L’Etat islamique (EI) et Al Qaïda (AQ), principales organisations terroristes, diffusent plutôt leurs messages vers les petites plateformes et les réseaux chiffrés, pour des raisons financières et de « neutralisation » de leurs comptes sur les grands réseaux sociaux.

Cela ressort d’un rapport publié en mai 2019 par le ministère de l’Intérieur (Délégation aux industries de sécurité et à la lutte contre les cybermenaces). L’EI et AQ utilisent les mêmes codes et protocoles de diffusion de propagande terroriste sur internet, à savoir le « web 2.0 » (interactivité alliant complexification de la technologie et simplicité d’utilisation), les applications mobiles et les réseaux sociaux. Ils visent des objectifs similaires : propagande idéologique et recrutement ; financement ; plateforme opérationnelle ; revendication.

Le réseau global de l’EI. La propagande de l’EI à destination de la mouvance occidentale s’est dégradée en termes de qualité et de quantité. Les vidéos de mise en scène de djihadistes francophones depuis la zone syro-irakienne, qu’il contrôlait, ont disparu depuis le second semestre 2017. La perte de son territoire et de nombreuses infrastructures a conduit à une baisse de production de contenus de propagande sur ses organes officiels Nashir News et Amaq. Le magazine Rumiyah a cessé de paraître en 2017. Cependant, le bulletin en pdf Al Naba et les bulletins quotidiens de la radio Al Bayan continuent leur diffusion. Le groupe sympathisant Fursan Upload présente de nouveaux contenus sur plusieurs canaux du réseau chiffré « Telegram » et différents services d’hébergement, dont le « cloud ». Les anciennes productions perdurent, grâce à des services de copie et de sauvegarde. Telegram demeure le premier vecteur de l’EI pour la publicité et de stockage de nouvelles parutions. Par ailleurs, les sympathisants de l’EI ont exprimé leur volonté d’acheter les outils et les services nécessaires à des cyberattaques par les « volontaires en ligne ». Mais leurs capacités offensives internes semblent limitées et guère organisées. En mars 2018, l’EI a tenté, sans succès, de monter le réseau social « Muslim’s Network ». Le recours aux monnaies virtuelles pour financer des attaques terroristes reste marginal.

La mouvance AQ. L’organisation AQ regroupe également d’autres entités, dont AQMI (Maghreb), AQPA (péninsule arabique), AQSI (Sinaï) et Al-Shebbaab (Somalie). Elle dispose des organes de propagande GIMF, Sahab M.dia, Al Malahem et Al Fustaat ainsi que de services de traduction et utilise aussi Telegram. En outre, elle publie régulièrement des infographies de menaces, lors des fêtes religieuses et des événements de société (« gilets jaunes ») ou sportifs (coupe du monde).
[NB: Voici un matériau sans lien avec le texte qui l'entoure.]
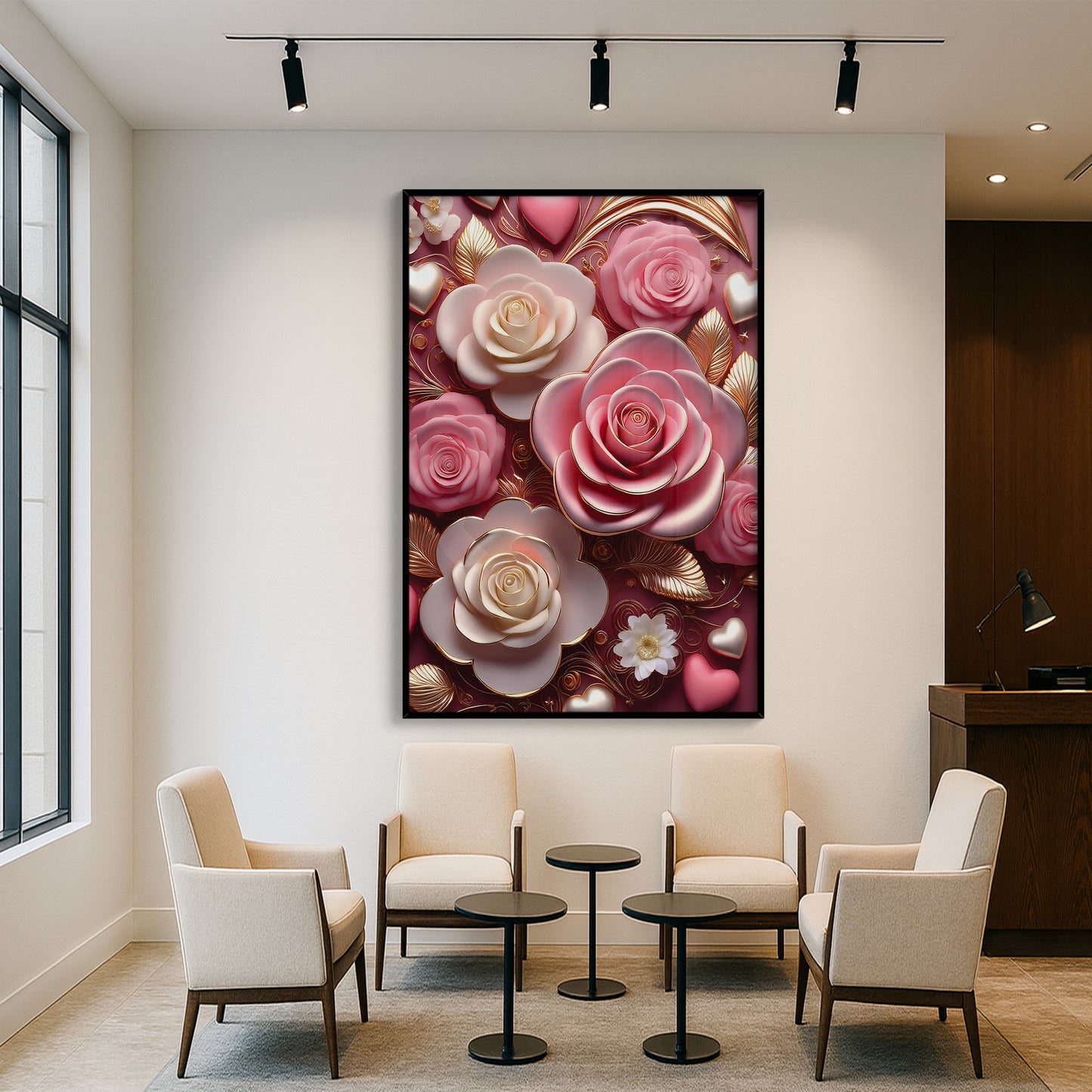 Romantic Pink & White Rose Metal Framed Wall Art – Luxury Floral Design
 « Pharos » à la rescousse. Le ministère de l’Intérieur a ouvert sur internet le portail « Pharos », permettant de signaler des contenus illicites, notamment la propagande islamiste. Cette plateforme a recueilli 4.550 signalements de contenus à caractère terroriste ou en faisant l’apologie en 2018, contre 6.750 en 2017 et 11.400 en 2016. Elle a transmis : 12.100 demandes de retrait pour les contenus à caractère terroriste, contre 30.634 en 2017 ; 4.877 demandes de « déréférencement » ; 51 demandes de blocage. Depuis le 28 février 2018, elle dispose d’un relais européen, via une connexion avec l’application IRMa d’Europol. Les échanges de données portent sur les transmissions d’adresses URL de contenus terroristes passibles d’un retrait. Au 31 décembre 2018, Pharos a ainsi transmis, à Europol, 69.937 contenus à caractère terroriste.